Everything in the entries except the pictures should be copied exactly.

## Data records:
◇ ◇ ◇
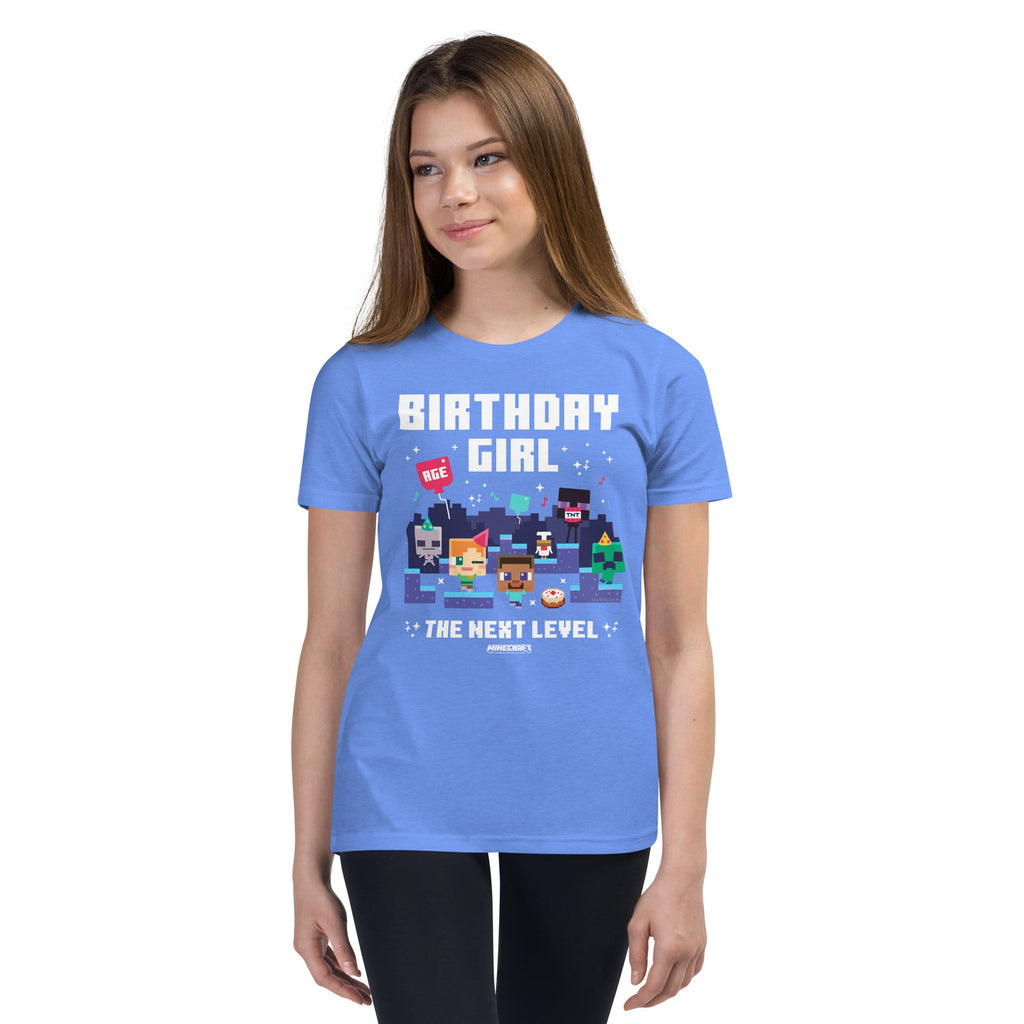 Minecraft Kids T-Shirt Birthday Girl Personalized Age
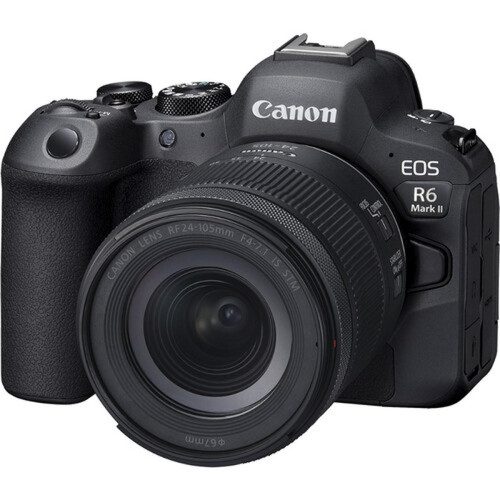 Appareil Hybride Kit Canon EOS R6 II RF 24-105mm IS STM+ Adaptateur de monture EF-EOS R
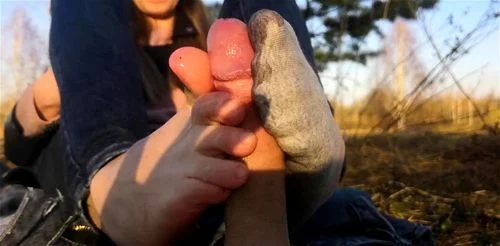 Watch Sneaky Farm Girl Uses Stinky Sock and Bare Sole to Make Mung...WTF! -  Cumshot, Footjob, Fetish Porn - SpankBang
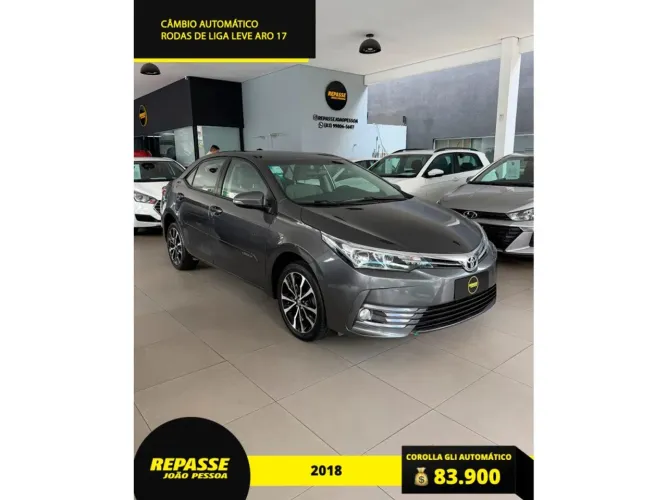 Toyota Corolla GLI 1.8 Flex 16V Aut. 2018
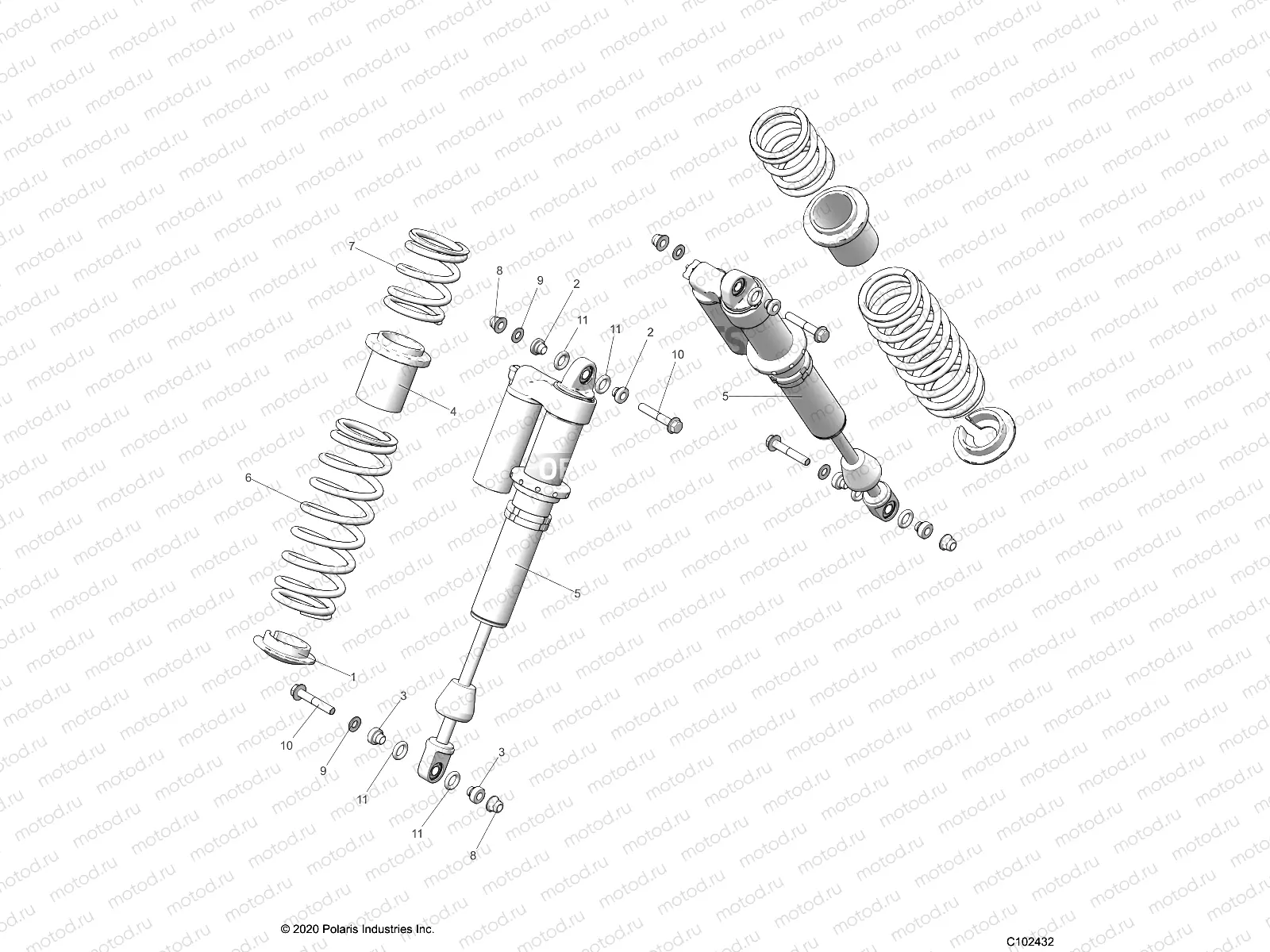 SUSPENSION | SUSPENSION, SHOCK, REAR - A22SGE95AN (C102432)
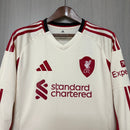 Camisa Liverpool 25/26 - Versão Manga Longa Branca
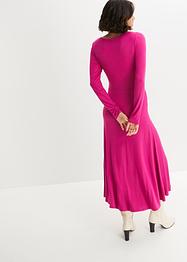 Robe midi avec détail nœud en viscose, BODYFLIRT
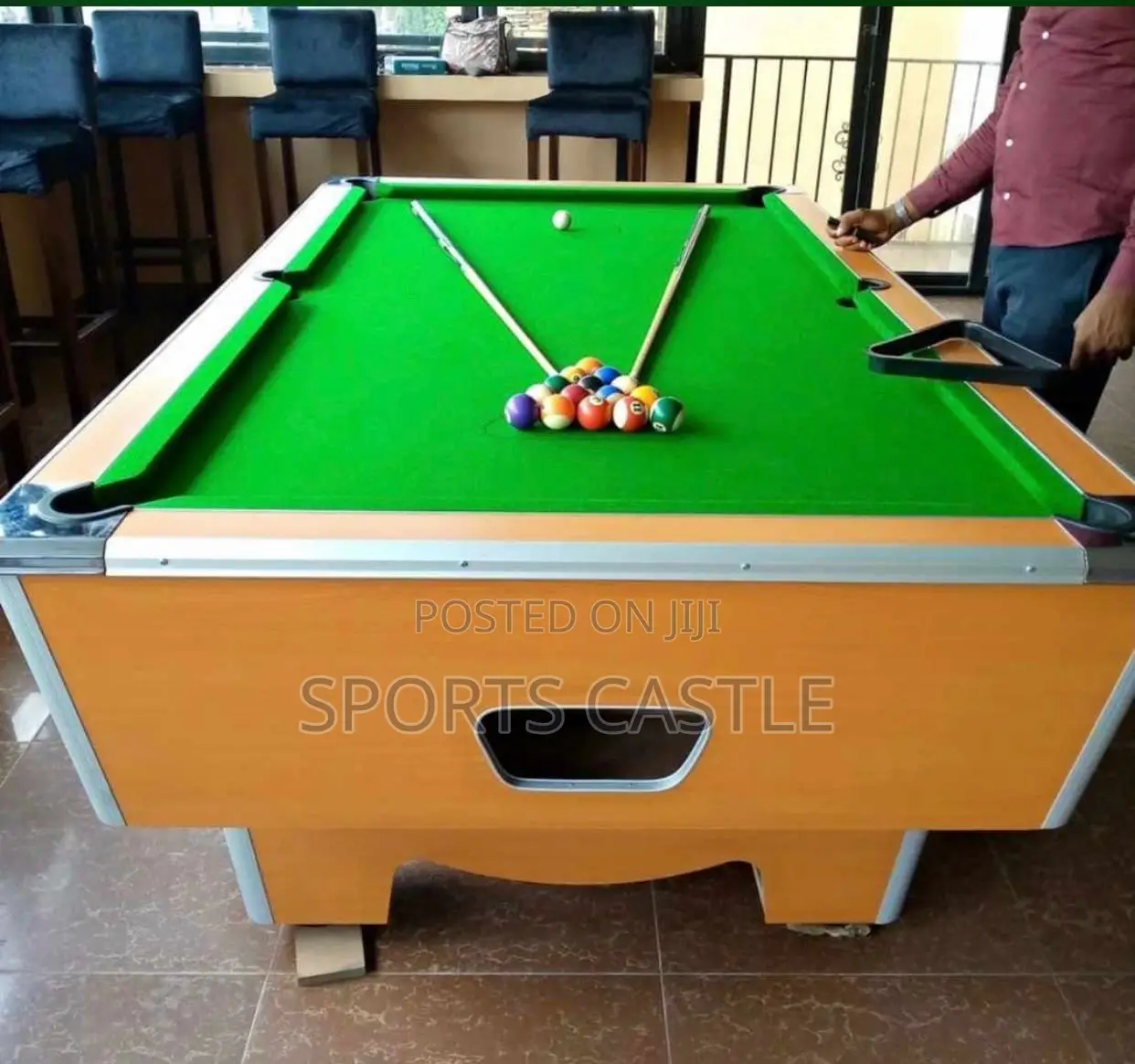 7ft British Marble Top Coin Board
◇ ◇ ◇
## Result for this exercise:
 Minecraft Kids T-Shirt Birthday Girl Personalized Age
 Appareil Hybride Kit Canon EOS R6 II RF 24-105mm IS STM+ Adaptateur de monture EF-EOS R
 Watch Sneaky Farm Girl Uses Stinky Sock and Bare Sole to Make Mung...WTF! -  Cumshot, Footjob, Fetish Porn - SpankBang
 Toyota Corolla GLI 1.8 Flex 16V Aut. 2018
 SUSPENSION | SUSPENSION, SHOCK, REAR - A22SGE95AN (C102432)
 Camisa Liverpool 25/26 - Versão Manga Longa Branca
 Robe midi avec détail nœud en viscose, BODYFLIRT
 7ft British Marble Top Coin Board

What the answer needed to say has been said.